CRDT for counting dislikes #707

k98kurz · 2022-07-30T19:32:22Z

k98kurz
Jul 30, 2022

Has anyone considered using a CRDT for counting dislikes? In particular, the ORSet and PNCounter might be useful here.

CRDT Overview

A Conflict-free Replicated Data Type (also called Convergent and Commutative Replicated Data Type) is a collaborative data structure that guarantees a form of correctness called "strong eventual consistency" which essentially guarantees eventual consistency under all network behaviors and structures; i.e. it guarantees availability and eventual consistency in the presence of temporary partitions, a pragmatic solution for the CAP theorem problem. Importantly, unlike systems such as git, merging is always automatic and guarantees no conflicts; however, like git, the result is not always semantically correct, but semantics are not part of the problems that CRDTs can solve for this extension.

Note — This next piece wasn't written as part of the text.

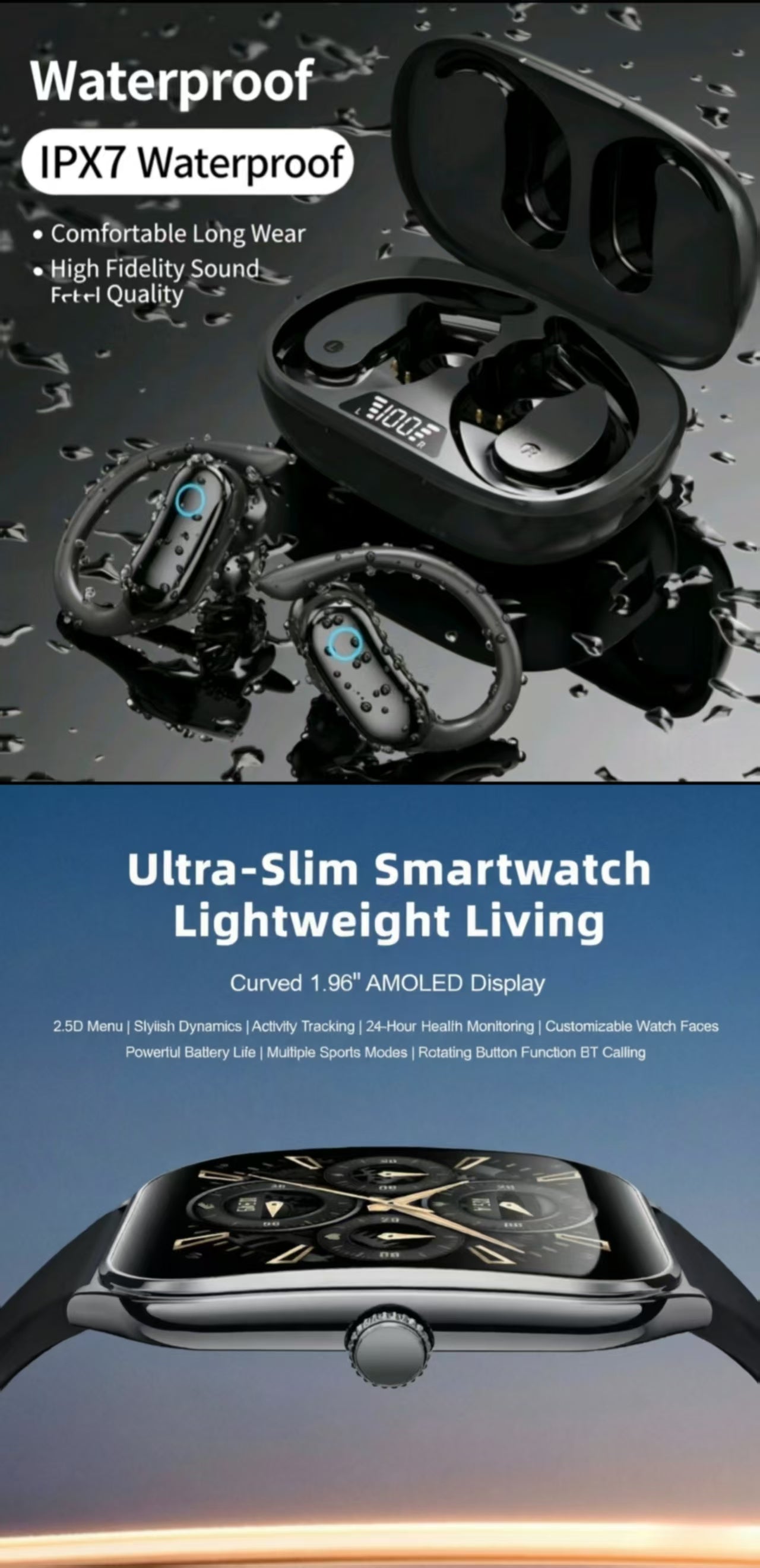 MT61 Smart Watch & TWS Sports IPX7 Waterproof Bluetooth Earbuds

A CRDT is formed by finding data types that have an operation that is associative, commutative, and idempotent and applying only those operation for synchronizing updates; only one operation can be applied to an underlying data type, but multiple data types and operations can be used to generate a CRDT object.

Associative: (a ○ b) ○ c = a ○ (b ○ c); or f(f(a, b), c) = f(a, f(b, c))
Commutative: a ○ b = b ○ a; or f(a, b) = f(b, a)
Idempotent: (a ○ b) ○ b = a ○ b; or f(f(a, b), b) = f(a, b)

An example of this is the (unordered) set union operator.
Associative: ({a} U {b}) U {c} = {a} U ({b} U {c}) = {a, b, c}
Commutative: {a} U {b} = {b} U {a} = {a, b}
Idempotent: ({a} U {b}) U {b} = {a} U {b} = {a, b}

Another example of this is the int max operator:
Associative: max(max(a, b), c) = max(a, max(b, c))
Commutative: max(a, b) = max(b, a)
Idempotent: max(max(a, b), b) = max(a, b)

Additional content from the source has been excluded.